I waited to apply for jobs until we knew we had permanent residency, and this job was the first job I applied for. It took a couple months for the process to start, but when it did it went fast. I was contacted for an interview on a Tuesday, interviewed on a Thursday, was offered the job the following Wednesday, and started a week later. So last Wednesday, I was up at 6am, at the train by 7:20, and getting a cup of coffee at the cafe next door to my new building by 8:30. It’s been a blur of orientations, accessing new systems, getting id, learning names, and taking in new information. I alternate between knowing exactly what people are talking about and having absolutely no clue. It’s interesting and challenging work. And it doesn’t involve teaching my own classes, which is strange. It’s been a long time since I’ve had a job that didn’t involve grading and prepping. I’d tell you more about the job, but the details are too overwhelming for me to talk about even now.
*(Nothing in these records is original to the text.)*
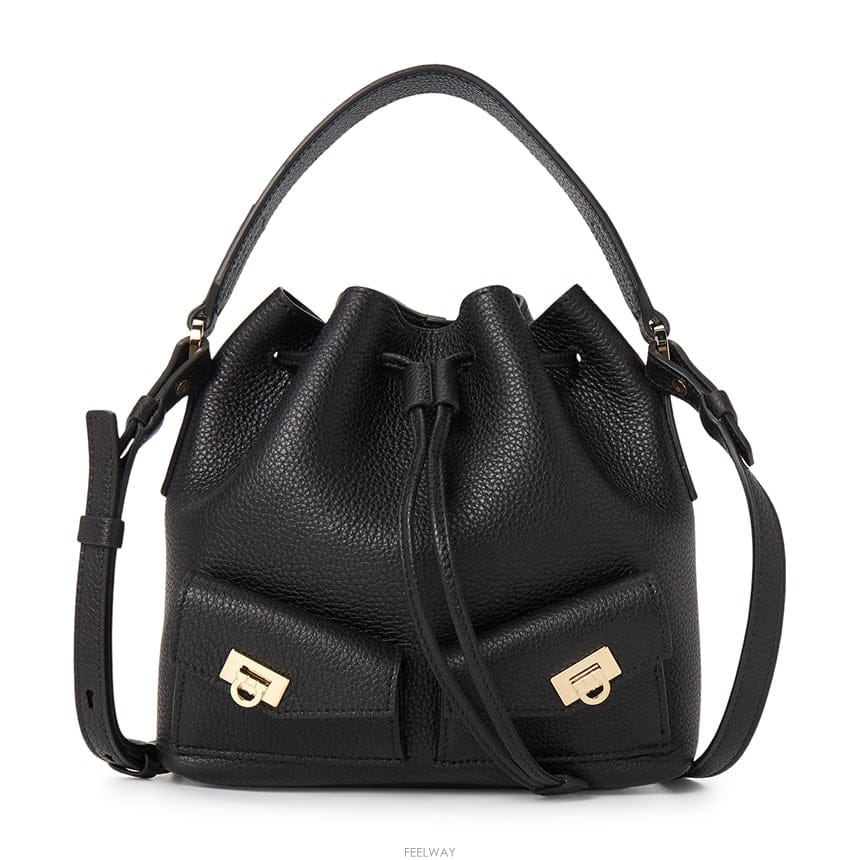 Ferragamo [�񿣺��ǰ��] FERRAGAMO ��󰡸� ���� ��� ��Ƽ���� ��Ŷ�� �����[�񿣺��ǰ��] FERRAGAMO ��󰡸� ���� ��� ��Ƽ���� 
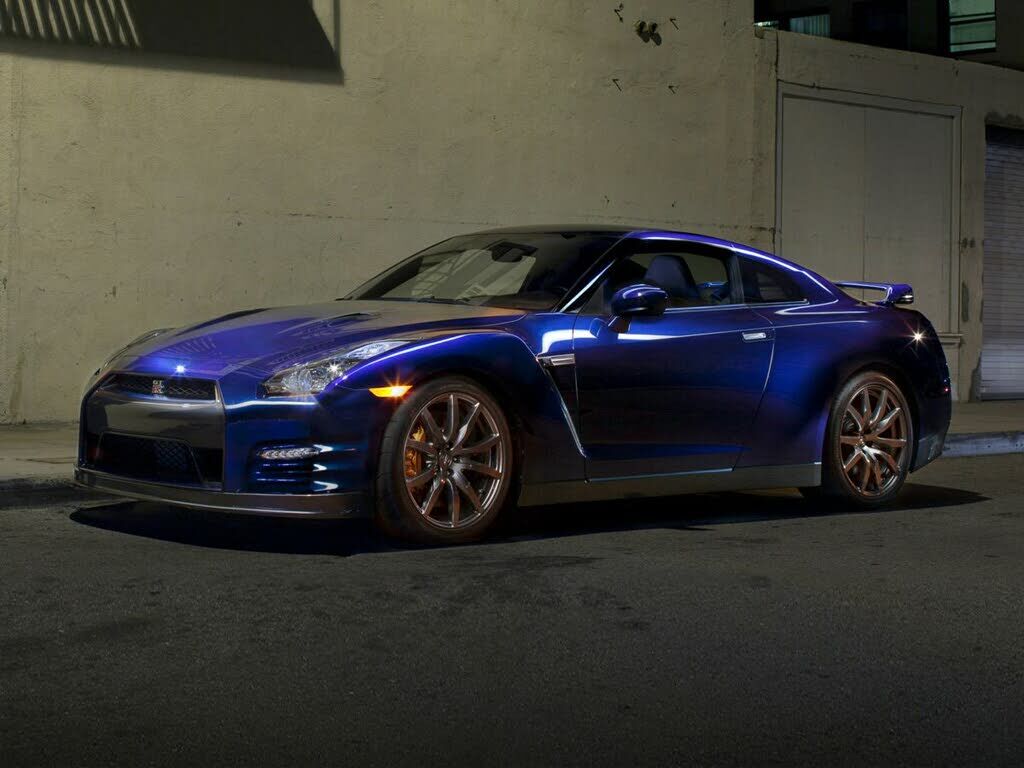 Nissan GT-R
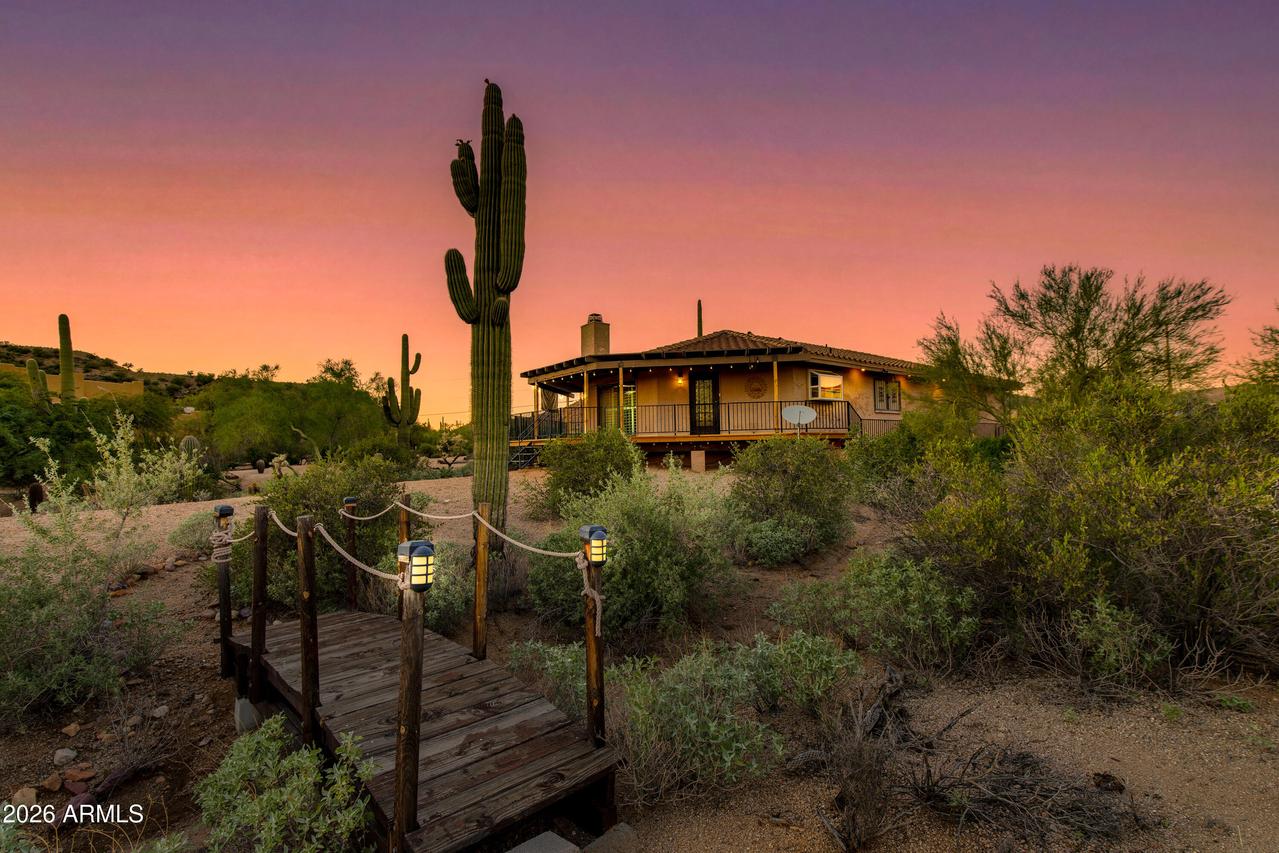 8959 E Plymouth, Mesa, AZ 85207
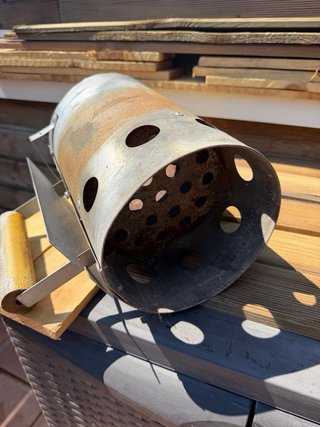 Chimenea para barbacoa de carbon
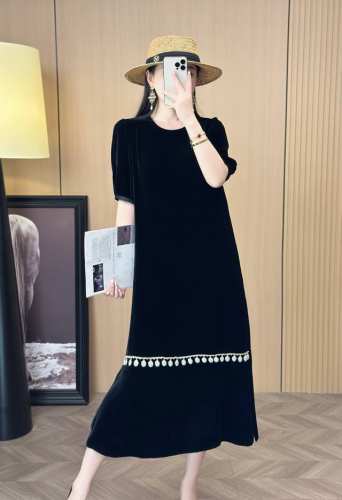新款 高固真丝丝绒下摆钉贝壳珠侧开叉连衣裙 码数~S~2Xl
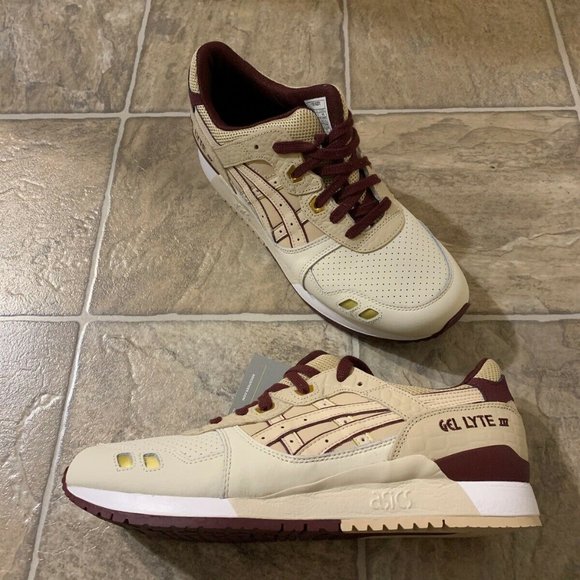 asics beige sneakers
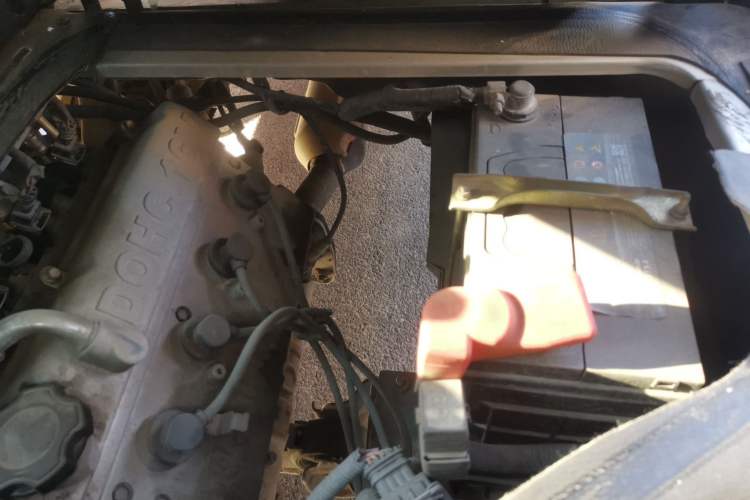 Used Jinbei Hiace X30 2013 1.3L Standard Version Engine Bay Left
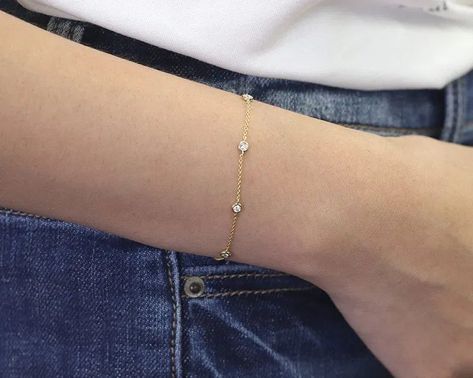 6 Reasons Jewelry Is The Perfect Christmas Gift NATURAL 5 DIAMOND BRACELET Diamond Bezel Bracelet, Halo Bracelet, Diamond By The Yard, Bracelet White Gold, Bezel Bracelet, Dainty Diamond Necklace, Everyday Bracelet, Bracelet Diamond, Thin Bracelet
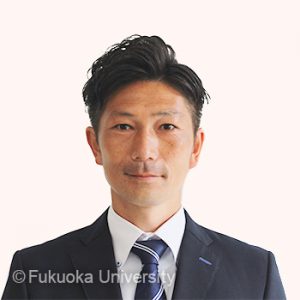 村山　仁允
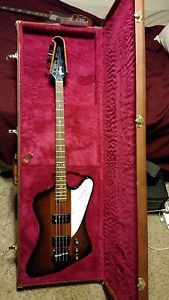 Gibson IV 2015 Thunderbird Bass Guitar,Barely Used, With OHSC And Paperwork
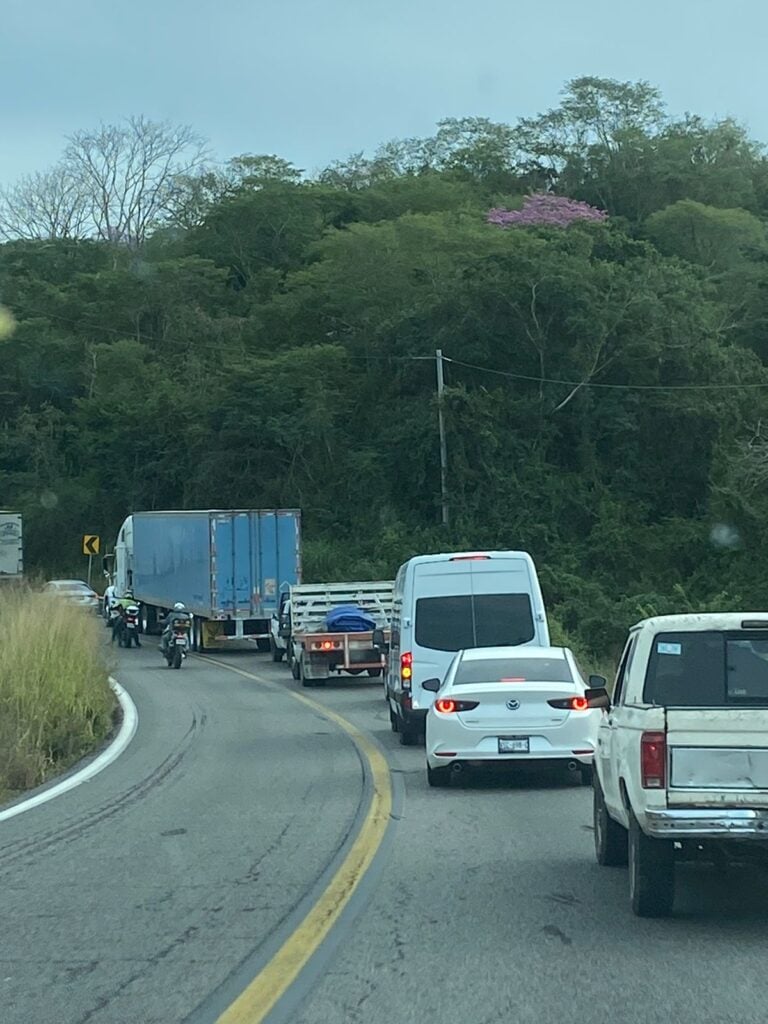 Fila de carros en carretera./ Foto: Francisco Ramírez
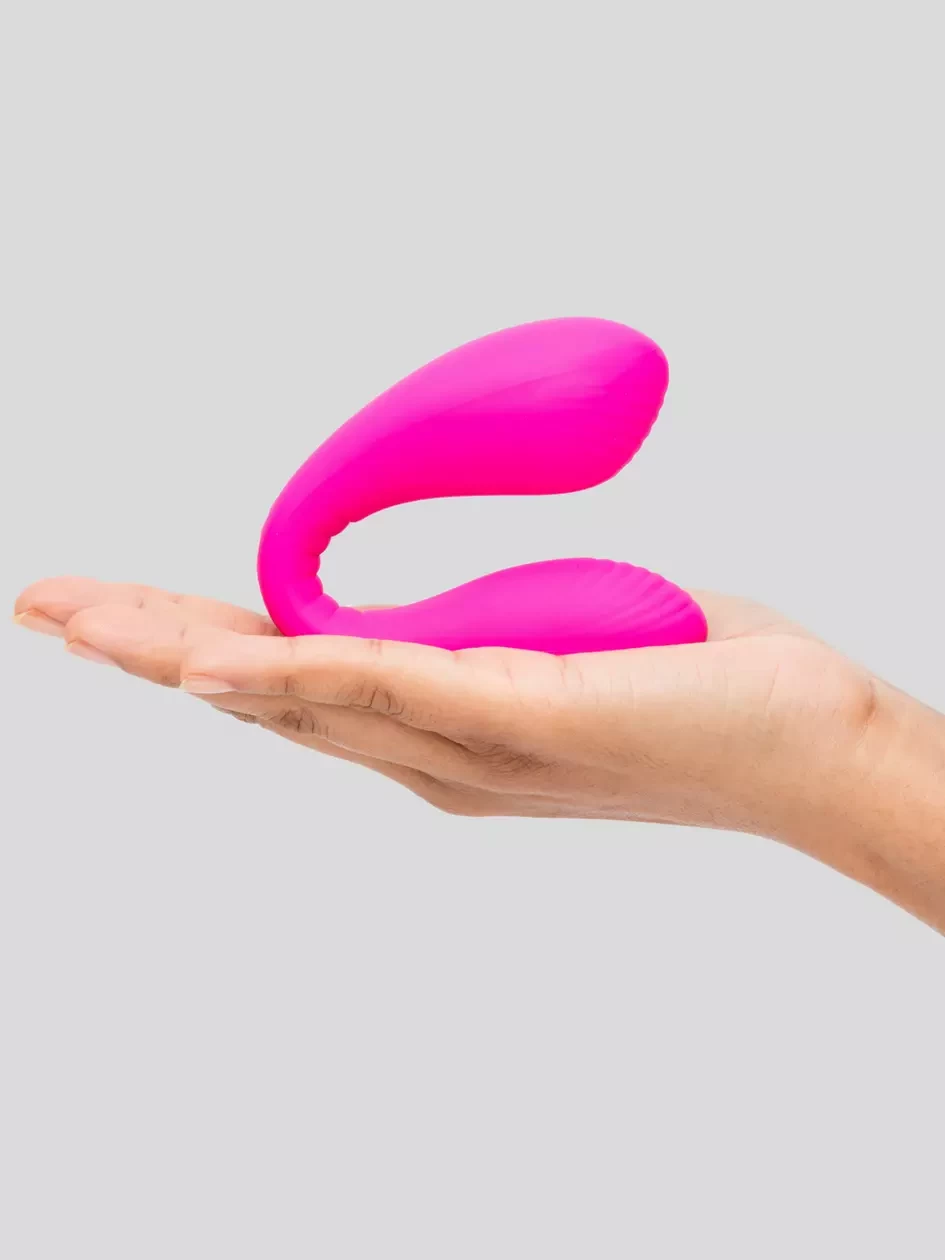 Quake Lovense cấu tạo từ silicone y tế và nhựa ABS cao cấp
Perhaps the strangest thing I’m acclimating to is the commute. I’ve always liked public transport; I have fond memories of riding the bus with my friends and colleagues at MSU or exploring the city using the NYC subways and buses, but it wasn’t something I did in Iowa. There I drove to work every day. I hated those early mornings in the winter battling snow and ice and fog to get to school – especially when I was driving out to Dunkerton on county roads.
My current winter commute is nothing like that. I may stand on the chilly platform early in the morning wearing a fleece jacket, but when my train arrives I get to find a seat and open a book or take out some grading to do for my online classes or get out my phone to text Kayla or FBChat with Trudy. I ride the train to Roma Street, walk from platform 10 to platform 2, and catch my bus to UQ. When I get to UQ, I walk by two small lakes, past gardens filled with native grasses and trees, watch out for bush turkeys, and make my way to my building.
One of the mannerisms that I find both fascinating and completely adorable is the way people exiting the bus call a “thank you” to the bus driver. It’s not something I recall happening when I took the bus to MSU for all those years, but here it’s normal and expected. I’ll admit that I haven’t done it yet (partly because I exit at the middle of a really long bus), but one of these days I’m going to shout my own thank you to the driver for getting me to work on time.
Last night as I was packing my lunch and getting my clothes and bag organised for the morning, I realised that normally I would have been thinking about which beach we would be visiting the next day. While I’m definitely going to miss the freedom I had for the past year, I’m happy that 364 days after I arrived in a brand new country, I was able to start a job that is letting me explore a whole new part of my home down under.